Preston LaFrance brooded about it. "He never did let on what he expects to get. But there's not a damn thing anybody can do about that. Hell, Santo can just let his land sit there for ten years. He doesn't have to sweat these things out."
"In a smaller sense, Press, that's my policy too." He looked startled, and then alarmed. "Now, you wouldn't squirrel up the whole deal by setting on that little ten acres forever, would you. Jesus, man, Calitron will go somewhere else if they get held up! Then where are we?"
"Maybe I've got a buyer who doesn't need that much room. I'm thinking of your health, Press. Fifty thousand and no more worries, and your ulcer will feel fine. You can pay off some of the notes at the bank and make Whitt Sanders happy."
His jaw firmed up. "I'll play it like a Mexican standoff, mister. I'll squat on my fifty and you squat on your ten."
"It's like what you said when you came in. Do we learn to eat out of the same dish or do we spill the dinner? Know what the difference is, Press? I'm not hungry and you are."

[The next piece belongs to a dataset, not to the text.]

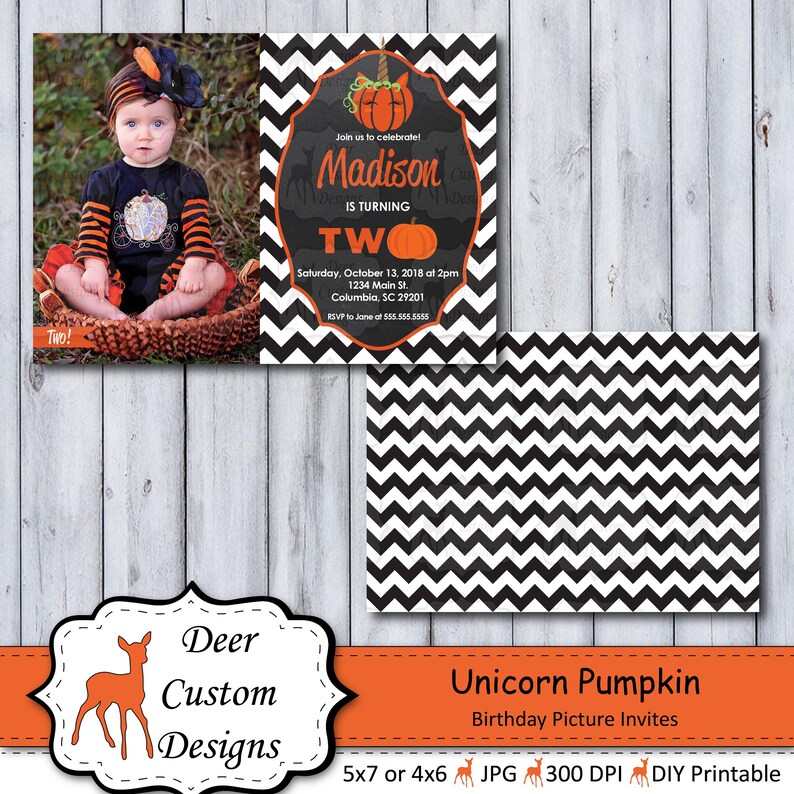 Unicorn Pumpkin Birthday Invitations Fall Second Birthday Photo Invite Halloween 2nd Birthday Unicorn Pumpkin Party Invitation Any Age image 1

He cracked the knuckles of both hands, methodically, one at a time. "Now you said something about being shrewd. and being greedy both and how it turns out stupid, Trav. I've been working on this thing one way or another for a year and a half, about. The way things are, I have to make it big, and that's the truth. Not big the way Santo thinks about money, but big for me. I'm leveling with you. I've got to come out of this six figures ahead anyway, or with the present timing I'm going to end up way the hell back where I started in forty-six when I got out of the service, and I don't want for that to happen. I had it within an inch of being home free, and you slipped in out of nowhere and bollixed it all up for me. Okay, it was smart business and you're pretty cute. So right now I think it's up to you to find some way to fix it so we get to eat out of the same dish, each to his need. I've got my good option out of old Carbee, even if he is thinking about shooting me since you went to see him. And I got the fifty acres behind your place."

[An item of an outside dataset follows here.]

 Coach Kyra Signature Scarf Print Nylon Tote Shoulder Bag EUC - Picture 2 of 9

"As long as you're leveling, you can settle one thing that bothers me a little. Back when you found out Bannon wouldn't sell and wouldn't budge, and if you had the shorts so you couldn't offer him enough, why didn't you turn the problem over to Gary Santo. With what he'd stand to make, he could have paid Bannon twenty cents for every dime he had in that business, and bought him a new location."
"I told Santo about that! I had that same idea. It took me a whole month to get to talk to him face to face, and then I had to chase him up to Atlanta, where they were opening up a hotel he's got money in, where he's got a penthouse thing he keeps for himself. I was up there drinking and waiting around maybe an hour and then he was ready to talk and we went back into one of the bedrooms and I told him these Bannons were a nice little family, working hard and doing pretty good, and if he could make them a good offer, which I wasn't in any shape to do, then we were all ready to move. So he said don't bother me with the details, LaFrance. He said that if he had to take care of all my. problems, why should I have a slice of the cake. He said that come next May first he'd pay the full two hundred and thirty-four thousand for a clean, clear title to the two hundred and sixty acres to the east of his holdings, or I could forget the whole thing. And that was what I couldn't do, McGee-forget the whole thing!"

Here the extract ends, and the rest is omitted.